Column (1) is the benchmark result (taken from column (3) in Table 1.10) for comparison. Columns (2) to (3) use more immediate abnormal returns after the release of the official policy document, CAR[−20,3] and CAR[−20,4], respectively as dependent variables. Both of them produce similar results to the benchmark. Firms with non-residential real estate concentrations suffer less compared to housing- oriented developers. Similarly, central state-controlled firms exhibit significantly more negative abnormal returns than private firms, and the discrepancy is bigger when we
look at more instantaneous responses. Column (4) examines longer-run abnormal return until day 10 and the relationship is more or less similar to that in the short run. The benefit of engaging in non-residential real estate seems to accumulate 10 days after the policy announcement. The last column uses alternative starts of event windows and examines CAR[−10,5]. Again, the estimates stay similar to those in the benchmark specification.
1.6.4.3 Result over the Course of Policy Release
The next question of interest involves how the relationship between abnormal re- turns and firm traits changes over the course of the policy announcement. To in- vestigate this, I estimate the baseline specification sequentially using CAR[−20, k] (k ∈ [−20,20], k ∈ Z) as the dependent variables. Figure 1.10 and 1.11 plots the point estimates and the 95% confidence intervals over k for the four coefficients of interest. The figures are truncated atk = 10 because this paper focuses on short-run stock responses. Relationships and abnormal returns over the longer run are subject to noise.
Figure1.10 plot coefficients on non-residential real estate concentration and spec- ulative markets, respectively. Again, property diversification is an important deter- minant of abnormal response to the housing policy shift. Compared with housing- oriented developers, firms with non-housing concentration enjoy an additional CAR of 2% to 3%, mitigating the negative policy shock. Residential exposure in superstar markets, however, does not matter significantly in statistical sense. As is discussed above, those firms have already diversified their portfolios geographically. Figure1.11 plot the two coefficients on state-controlled firms. Central state-controlled firms suf- fer an additional CAR of -5% to -7% compared to private firms during the course of the policy issuance. The coefficient on local state-controlled firms, however, is not significantly distinguishable from zero.
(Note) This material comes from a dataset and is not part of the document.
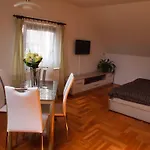 Апартаменты Pod Kozakovem Tatobity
One noteworthy finding is that firm traits begin to matter only after we observe abnormal returns. This is consistent with the intuition that the relationship between abnormal returns and firm traits should appear only when the abnormal returns show up. During normal periods, there is little justification for such a relationship. The effect of political connections synchronizes the time line of the policy announcement, which does not become significant until people learned of the BFA speech on mortgage regulations (after day -4). The value of non-residential real estate concentration, however, is not revealed until the full release of the official policy document (after day 1). This timing difference can be explained by how the policy content was gradually released. Before day 2, only the core piece of “Document Number 10” – tightening mortgage requirements for speculators – was unveiled to the public. Only after reading the entire policy document did investors learn that the policy was only targeted at the housing market, thus allowing them to form differential beliefs about firms with non-residential real estate concentrations.